Capitalizing on that reluctance and inherent uncertainty, corporate and personal enrichment to the tune of billions of dollars has subjected us to the ascendant but less effective and more expensive “consumer-provider” model of health care.  Both revealing and frightening is the degree to which this “margin over mission” decision-making has become acceptable as a given. So much so that there is little hesitation now to say the quiet parts out loud! “People need primary care but not necessarily a physician relationship.” said the CEO of a multibillion-dollar health care system, with 30 years of experience in health care, when asked, “What’s one conviction in health care that needs to be challenged?”

Even more egregiously, “Is curing patients a sustainable business model?” asked a Goldman Sachs analyst regarding a new medication’s>90 percent cure rate for hepatitis C. It has apparently reached the point now where we can talk out loud about purposefully not curing medical conditions because that might reduce the “incident pool.” This, in turn, would reduce the ability to transmit the virus to new patients/consumers, thereby affecting the bottom line!

Adding to our “mess” is the fact that some of us get far more medical care than we need, while many more have trouble even accessing our health care system equitably. If you are one of the “haves” rather than the “have-nots,” you can elect to get a whole-body MRI scan for a mere $2,500, just by requesting it, no doctor’s evaluation required. There is also the option now of ordering your own lab tests, “choosing from over 2,100 tests, No doctor needed.” In the service of efficiency and patient satisfaction we physicians can find ourselves at times contributing to this “wasteful” testing. Though AI has demonstrated the ability to pass the cold sterile U.S. medical licensing examination, in the hot, often bleeding, real-world ED setting it arrived at only 50 percent of correct diagnoses, even missing a potentially life-threatening ectopic pregnancy diagnosis!

My takeaway here is that having the money to afford and the desire/anxiety to request high-tech testing is a poor substitute for guided medical advice from a personal physician who knows you well and by whom you feel known. In fact, multiple medical studies show that a more personal connection with a qualified primary care physician leads to lower health care costs for advice that you are more likely to follow through with, and by which you ultimately experience better health and a full halving of your mortality rate risk!

Do we really question the healing power of being physically and emotionally touched, something that tech can simulate but can never really do?
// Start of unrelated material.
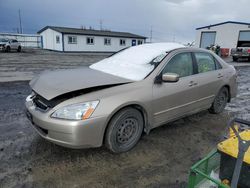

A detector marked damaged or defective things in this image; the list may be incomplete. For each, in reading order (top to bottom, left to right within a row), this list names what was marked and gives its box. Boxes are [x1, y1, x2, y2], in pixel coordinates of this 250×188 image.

crumpled hood [30, 67, 132, 100] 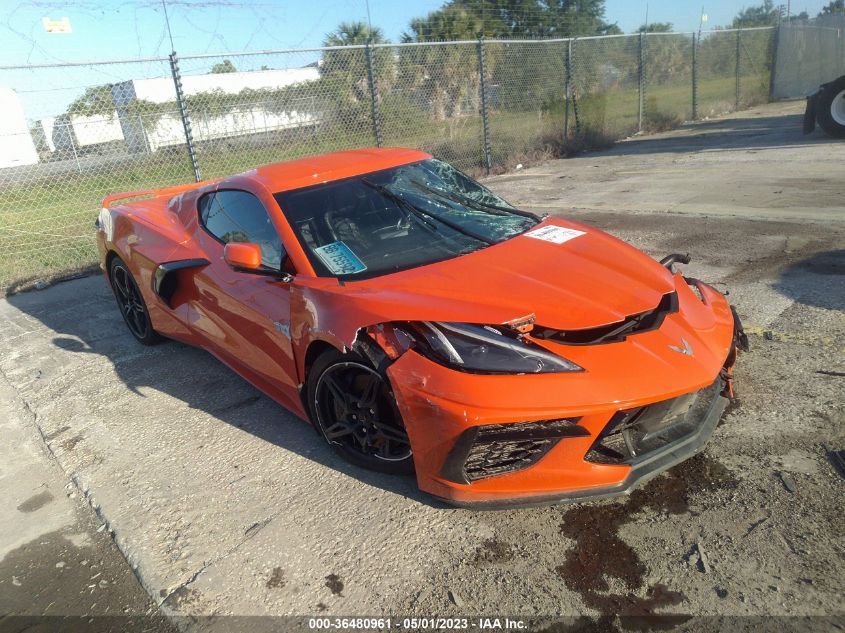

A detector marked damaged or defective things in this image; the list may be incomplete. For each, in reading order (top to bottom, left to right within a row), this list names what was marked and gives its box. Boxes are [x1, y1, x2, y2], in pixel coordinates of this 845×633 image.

broken headlight assembly [366, 324, 584, 372]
In our commoditization of the health care interaction, we have de-emphasized the time we patients can spend with our physicians, almost completely eliminating the physical exam; it’s far faster and more remunerative to simply order tests than to spend time determining if they are truly necessary.

We are all susceptible, patients and physicians alike, to being ensnared by this current in-vogue consumer-provider model; it is deceptively appealing because it favors more and faster health care interventions. This model is being aggressively, but erroneously, promulgated as equivalent to a sustained patient-physician relationship. For purposes of maximizing profits, it draws a false equivalence between a physician’s lengthier and more demanding period of training and acquisition of expertise compared with that received by non-physician “providers.” It is predicated on the additionally false notion that any warm body will do in terms of who we willingly reveal our suffering to, place our trust in, and stake our welfare and very lives upon. This model is now seeking to convince us that, actually, a warm body with a caring heart and soul turns out to not even be necessary and that a soulless artificial intelligence (AI) will suffice (it being a mere coincidence that AI does not require a sustained salary or benefits package).

We should all be alarmed at the fact that, here in the U.S., we appear to be on the verge of concluding that the richest nation on the planet cannot afford to provide a personal physician interaction for each of us. To combat this, it is paramount that we resuscitate the patient-physician relationship before business interests declare it dead and buried.

Drew Remignanti is an emergency physician.